Files relate to the organisation and management of the Emergency Fire Service (EFS), the deployment of its appliances and associated technical and policy matters.

Date: 1952-2003
Related material:

Home Office files leading up to the Fire Services Act 1947 are in HO 187

The main series of Home Office civil defence files is HO 322

Held by: The National Archives, Kew
Former reference in its original department: CD, and EFS
Legal status: Public Record(s)
Language: English
Creator:

Department for Transport, Local Government and the Regions, 2001-2002

Home Office, 1782-

Office of the Deputy Prime Minister, 2002-2006

Physical description: 29 file(s)
Access conditions: Open
Immediate source of acquisition:

in 2009 Department for Communities and Local Government

Custodial history: Earlier files are CD prefix transferred from the Home Office, later files were made up by the Emergency Fire Service (EFS) at Marchington. Office of the Deputy Prime Minister (2002 to 2006); Department for Communities and Local Government (2006 onwards).
Selection and destruction information: Files concerning the deployment of EFS appliances, guidance on their use and maintenance and the organisation and future of the EFS have been selected for retention. Files relating to routine financial transactions, staff management and accommodation matters have not.
Accruals: No further accruals are expected
Administrative / biographical background:

The deterioration of international relations following the end of the Second World War, culminating in the Berlin crisis, prompted the UK Government to pass the Civil Defence Act 1948 to re-activate the wartime civil defence apparatus. Part of this was the part-time Auxiliary Fire Service (AFS) designed to augment the regular fire service in time of emergency. Following the acquisition of the atomic bomb by the Soviet Union in 1949 studies were conducted on the implications for the Fire Service. A result of this was the introduction from 1953 onwards of a new family of fire appliances for the AFS. They were green in colour and became known as 'Green Goddesses'. These appliances belonged to the Home Office and were loaned to fire authorities.
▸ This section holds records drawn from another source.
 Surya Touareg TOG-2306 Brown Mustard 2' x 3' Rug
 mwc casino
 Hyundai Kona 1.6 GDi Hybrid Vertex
As part of defence cuts in 1967 the AFS was disbanded and the equipment returned to the Home Office who stored it in their Regional Supply and Transport Depots. The equipment was available for loan in response to emergencies and was used in response to flooding and fire service strikes. By 1991 only one depot was holding AFS equipment, at Marchington in Staffordshire.

In 2001 responsibility for the Fire Service was passed to the Department of Transport Local Government and the Regions (DTLR) from the Home Office and was inherited by its successor departments (ODPM and DCLG). In 2006 the EFS Depot at Marchington was disbanded and the appliances sold, as the Government now had powers to requisition local authority fire appliances in the event of industrial action.

(The above applies to England and Wales only; separate arrangements were made for AFS equipment in Scotland and Northern Ireland)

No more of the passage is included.